2025年10月9日
シンガポール企業が求職者をカンボジア詐欺拠点へ誘導
シンガポール警察は、国内で求人広告を出しながら、採用後にカンボジアのリゾート施設での勤務を指示していたシンガポール企業「Changting Network Technology」について捜査を開始した。同社が指定した勤務地「ココン・リゾート(Koh Kong Resort)」は、オンライン詐欺拠点で人身取引被害者を虐待していたとして、米国財務省が制裁対象としたカンボジア実業家リー・ヨンファット氏の所有施設である。国連薬物犯罪事務所(UNODC)も詐欺関連施設として同リゾートを報告している。
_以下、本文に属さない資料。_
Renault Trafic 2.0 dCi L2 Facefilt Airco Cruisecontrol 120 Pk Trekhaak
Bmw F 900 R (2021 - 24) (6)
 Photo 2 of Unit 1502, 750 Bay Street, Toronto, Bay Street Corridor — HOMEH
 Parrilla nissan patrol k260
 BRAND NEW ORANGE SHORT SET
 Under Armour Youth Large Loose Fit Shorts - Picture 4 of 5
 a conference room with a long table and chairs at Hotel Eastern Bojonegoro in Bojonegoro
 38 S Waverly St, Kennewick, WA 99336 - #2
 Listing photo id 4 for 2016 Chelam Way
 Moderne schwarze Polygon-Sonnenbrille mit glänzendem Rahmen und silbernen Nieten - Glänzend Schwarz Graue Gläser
Changting Network TechnologyはAIやサイバーセキュリティを手掛ける技術企業を装い、シンガポール勤務と称して各種職種の求人を地元・海外サイトに掲載していた。しかし応募者が内定後に知らされたのは、「フルタイム勤務地はカンボジアのココン・リゾート」という内容であった。警察にはすでに複数の通報が寄せられており、虚偽求人の可能性を含め調査が進められている。
地元紙ストレーツ・タイムズ(ST)が行った潜入調査では、偽名で応募した求職者がわずか1時間後に月給5,000Sドルの職を提示され、電話面接ではカンボジアでの3ヵ月研修が必須と説明された。さらに次の面談では常駐勤務に変更され、給与も3,000Sドルへ減額。宿舎は他人との相部屋で、パスポート情報提出と契約書署名を急かされたという。
STの調査によると、同社は2019年4月に設立され、登記上はパヤレバー・スクエアに所在。代表取締役は中国籍、会社秘書は中国系シンガポール人と記録されている。一方、公式サイトでは所在地をラッフルズ・プレイスの別ビルに記載し、電話番号やメールアドレスはいずれも不通だった。
ココン州では近年、オンライン賭博やサイバー詐欺拠点が急増しており、国連報告によれば正規企業を装った犯罪組織が多数活動している。警察は「不自然な条件の求人には注意し、疑わしい場合はScamShieldヘルプライン(1799)へ連絡を」と市民に呼びかけている。